Wine Pairing: Well, if you’re up for a glass with this soup and not currently getting over an illness (or if you still are, you do you), a full-bodied Chardonnay would probably be able to stand up with the heavy flavors of the miso. Plus, a nice chilled glass of wine with a hot bowl of soup might be a nice mix. Enjoy!
The flu hit Merideth and I hard at the beginning of this year, so we wanted to make meals that we low key, warming, and flavorful enough to soothe our sniffles. With its warm spices and forgiving ingredients, curry is my go-to comfort food. I mixed my own curry powder for this out of turmeric, paprika, ginger, white pepper, and a pinch of salt, but any curry spice you have on hand will make a tasty dinner. I also roasted my own whole chicken (part of my stubborn determination not to turn on my heater in Florida), but to make this even easier, you can use a premade, grab and go chicken available at the grocery store or deli.

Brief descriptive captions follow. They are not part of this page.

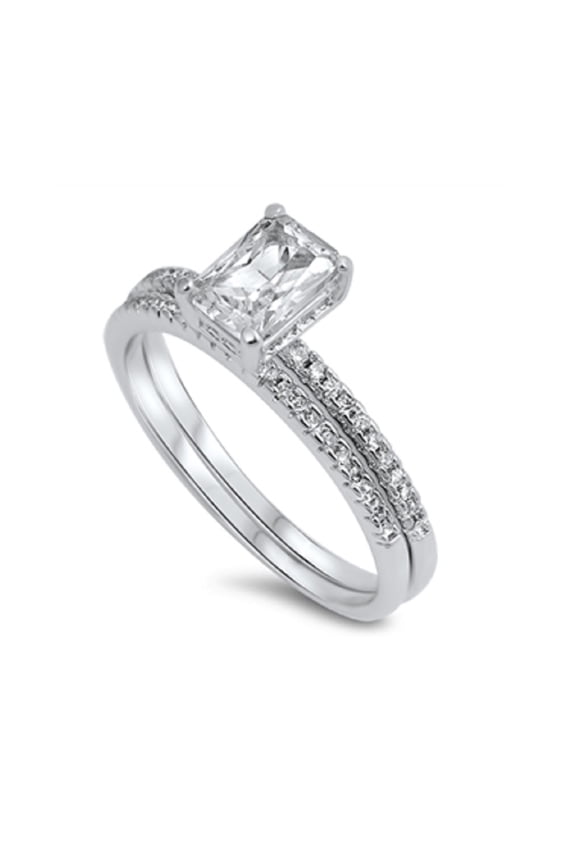 Rectangular Cut Cubic Zirconia Engagement Wedding Ring Sterling Silver 925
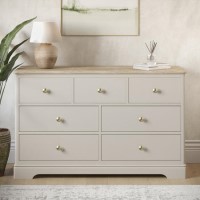 Wide Oak and Cream Chest of 7 Drawers - Alexander Wide Oak and Cream Chest of 7 Drawers - Alexander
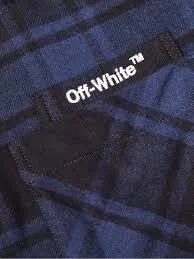 Off-White Outline ARR Flannel Over S/S Shirt Blue Black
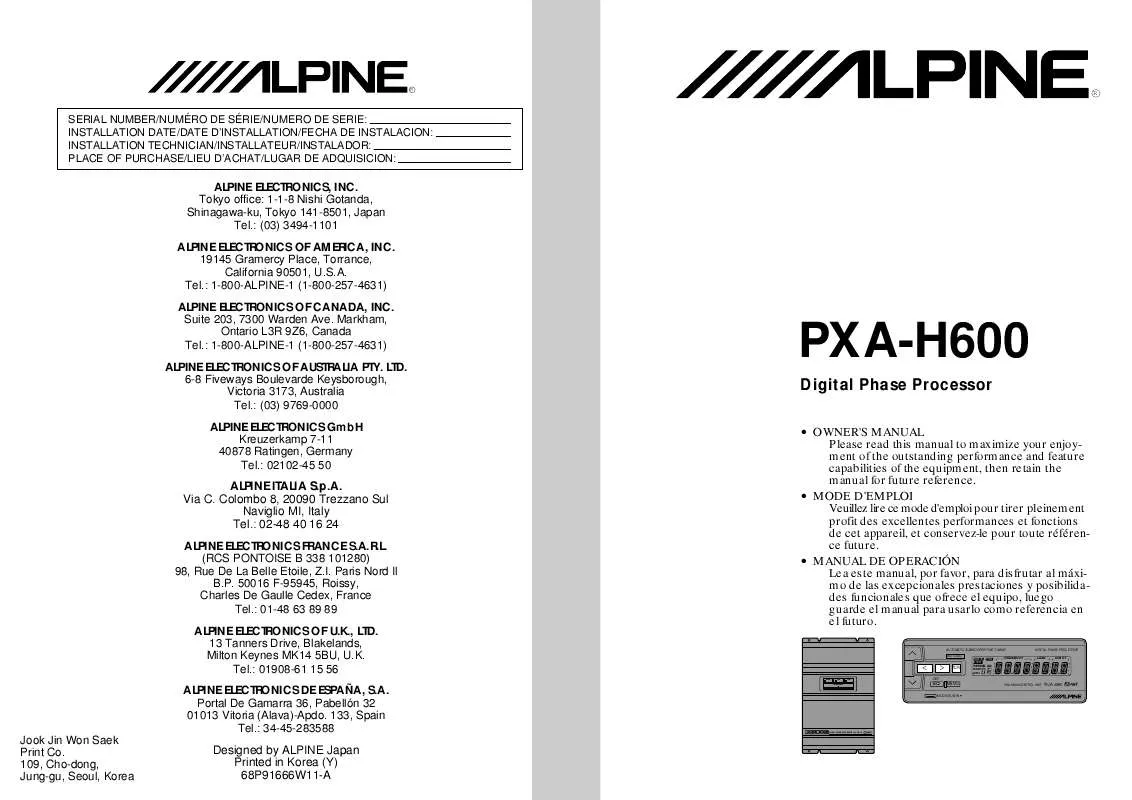 Mode d'emploi ALPINE PXA-H600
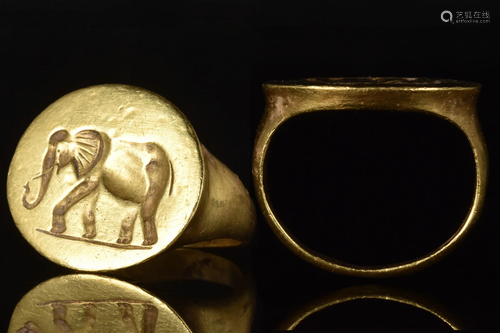 GREEK SOLID GOLD RING WITH ELEPHANT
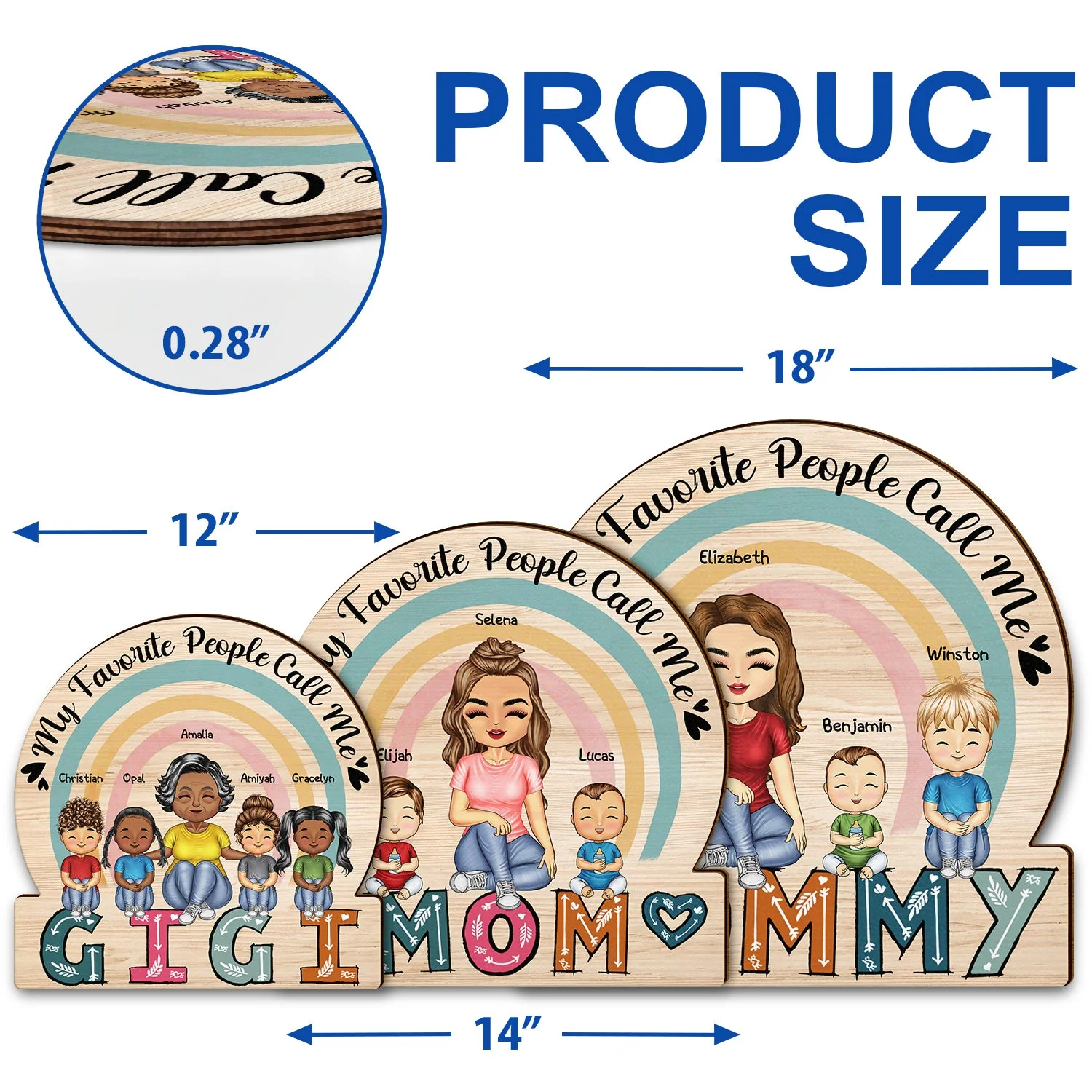 My Favorite People Call Me - Birthday, Loving Gift For Mom, Mother, Grandma, Grandmother - Personalized Custom Shaped Wood Sign - Image 5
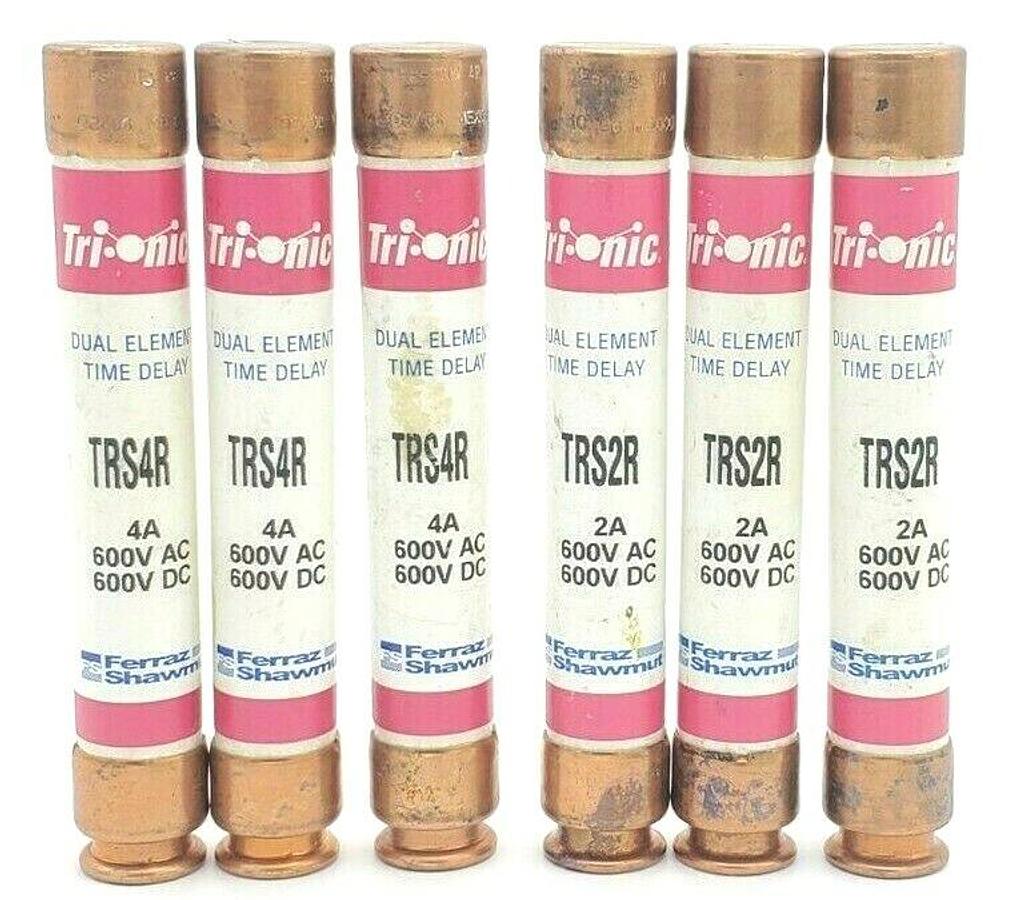 Used LOT OF (3) FERRAZ SHAWMUT TRS4R & (3) TRS2R TRI-ONIC DUAL ELEMENT FUSES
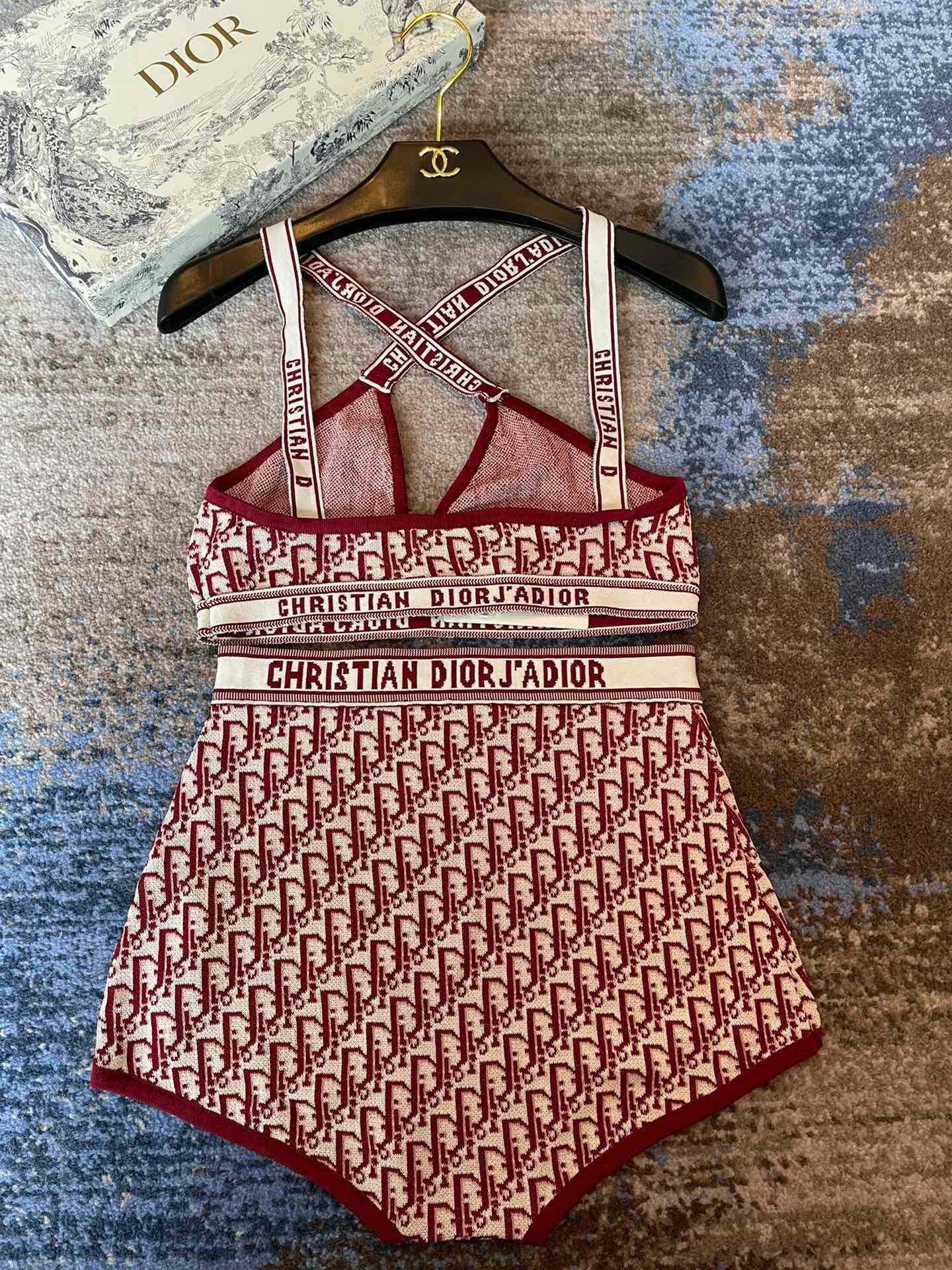 Dior Inspired Knitted Monogram Bikini Two-Piece Swimsuit Set - Image 4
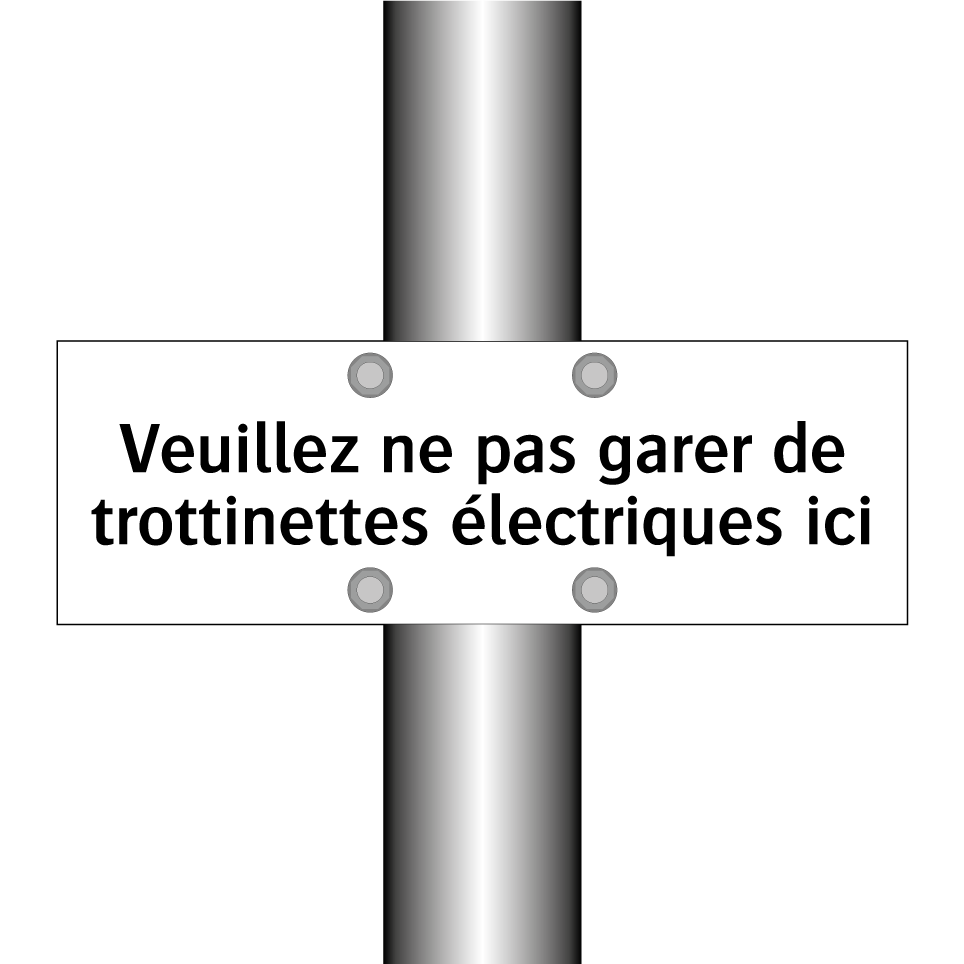 Veuillez ne pas garer de trottinettes électriques ici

- Whole chicken, cooked (or store bought rotisserie chicken)
- 2 cans coconut milk
- 4 tbs garam masala or other curry powder
- 3 tbs fish sauce
- 2tbs tamarind paste
- 2 tbs fenugreek
- 1 cup grape or cherry tomatoes
- 2-3 shallots, diced
- 4 cloves garlic, minced
- 3tbs butter
- 2 cups spinach
- Cooked rice, to serve
- Debone cooked chicken and put bones into a medium pot. Cover with 6 cups water and simmer until reduced, about 30-45 minutes. Turn off heat.
- Melt butter in a large pot. Add diced shallots and minced garlic and cook until onions are translucent, about 5 minutes.
- Add coconut milk and garam masala to pot and simmer for 5 more minutes.
- Cut incisions in the tomatoes and add tomatoes and chicken to pot and ladle chicken broth into the mixture until curry has reached desired consistency.
- Simmer for 30 minutes and serve over rice!